[Web page caption snippets]
□ □ □

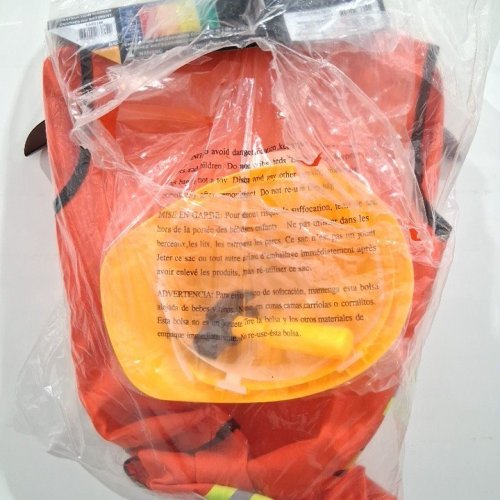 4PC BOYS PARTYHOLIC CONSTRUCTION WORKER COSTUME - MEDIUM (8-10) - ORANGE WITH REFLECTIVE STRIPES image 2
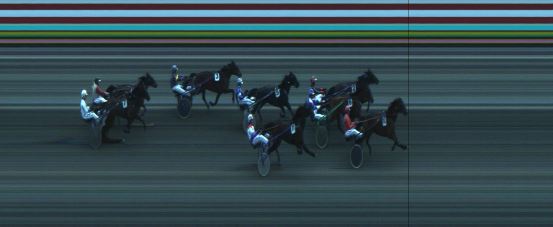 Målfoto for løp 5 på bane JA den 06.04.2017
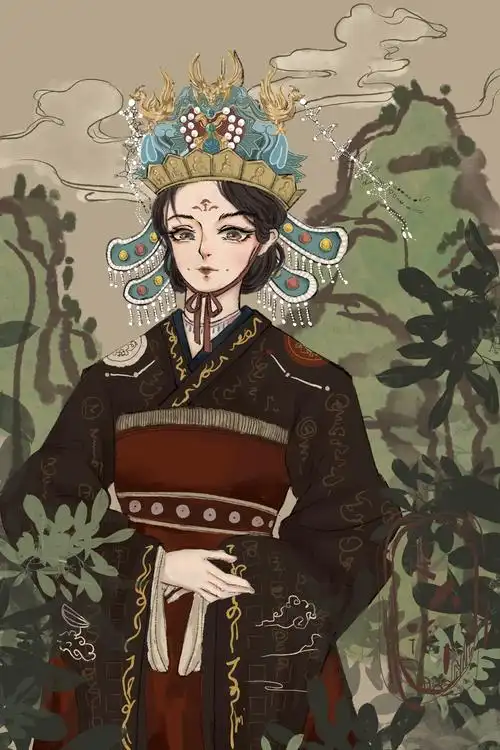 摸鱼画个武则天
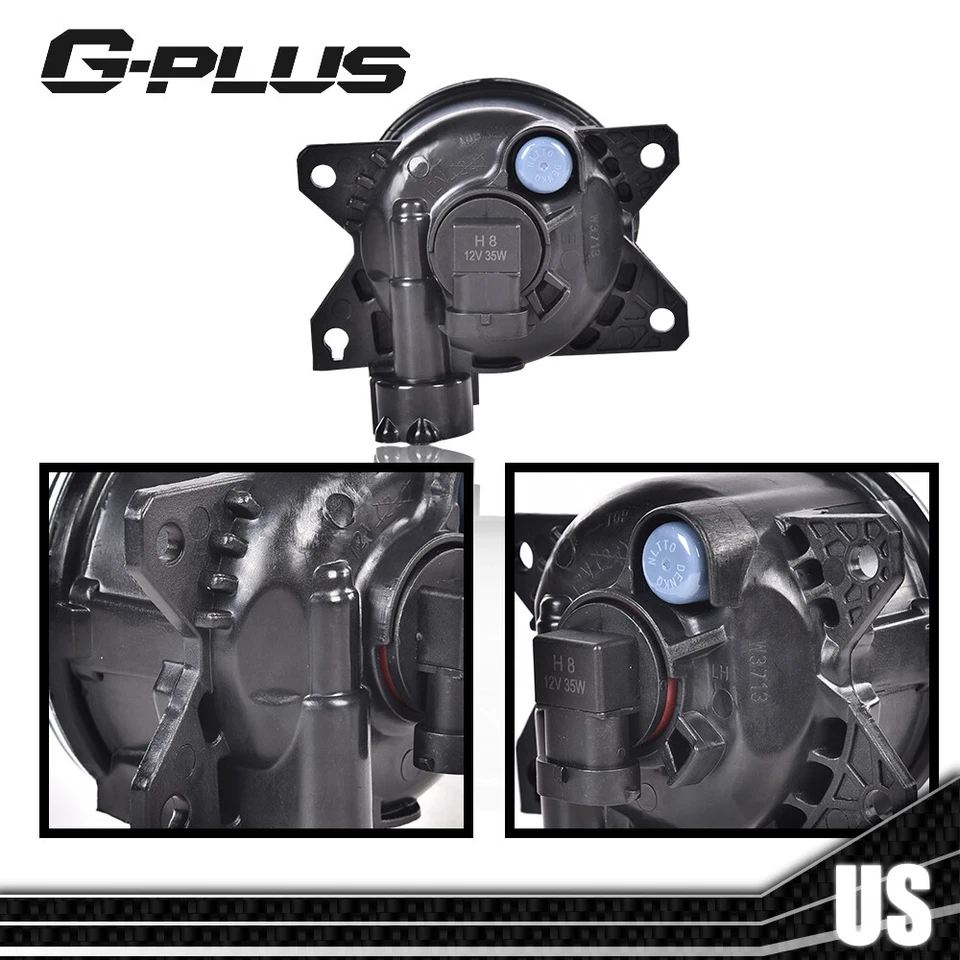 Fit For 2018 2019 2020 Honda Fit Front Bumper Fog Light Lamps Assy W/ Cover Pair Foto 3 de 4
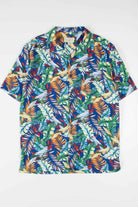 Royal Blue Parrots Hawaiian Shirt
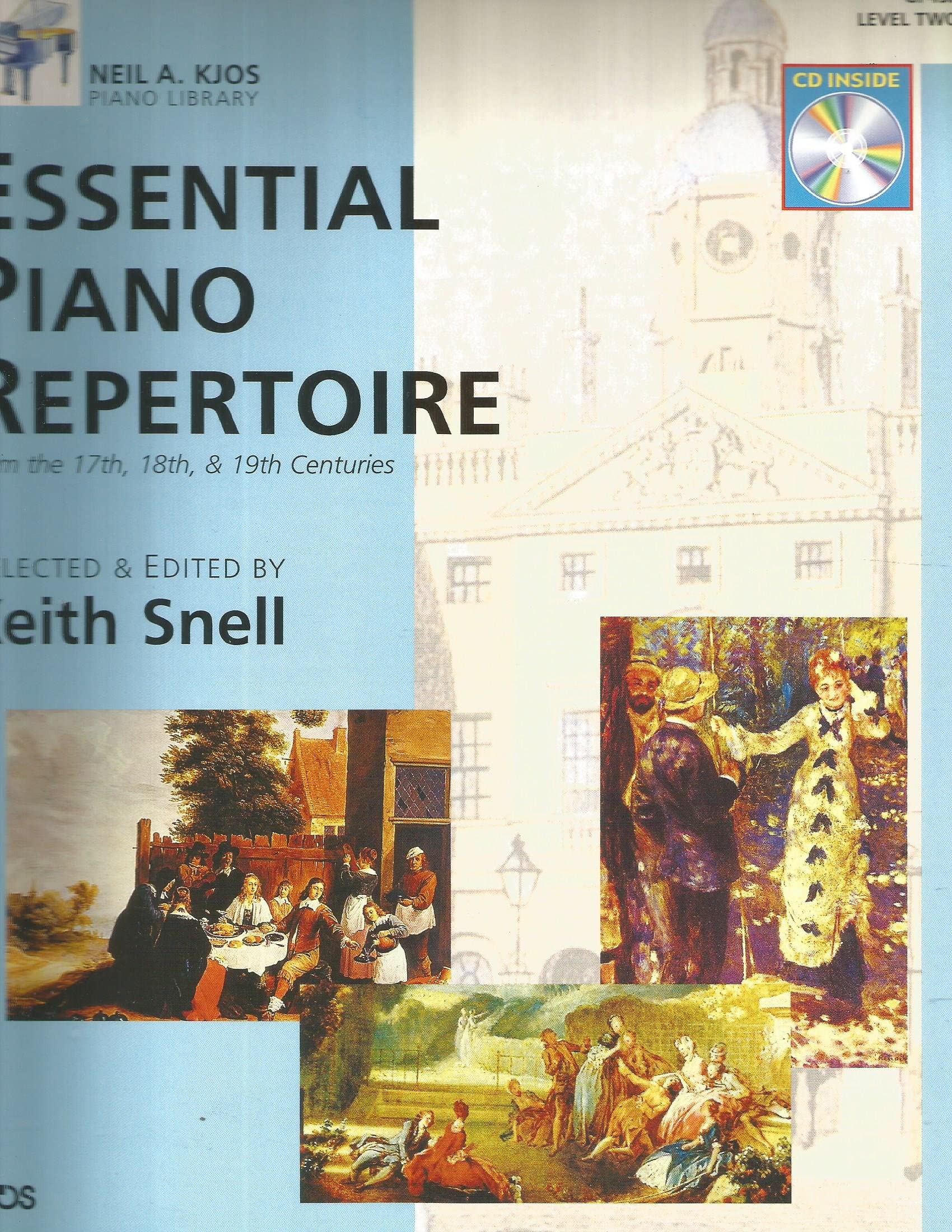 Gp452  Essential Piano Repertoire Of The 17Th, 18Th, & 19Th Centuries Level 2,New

□ □ □

> **What is expected**
Print every record above exactly, but no pictures.

> **Finished exercise**
 4PC BOYS PARTYHOLIC CONSTRUCTION WORKER COSTUME - MEDIUM (8-10) - ORANGE WITH REFLECTIVE STRIPES image 2
 Målfoto for løp 5 på bane JA den 06.04.2017
 摸鱼画个武则天
 Fit For 2018 2019 2020 Honda Fit Front Bumper Fog Light Lamps Assy W/ Cover Pair Foto 3 de 4
 Royal Blue Parrots Hawaiian Shirt
 Gp452  Essential Piano Repertoire Of The 17Th, 18Th, & 19Th Centuries Level 2,New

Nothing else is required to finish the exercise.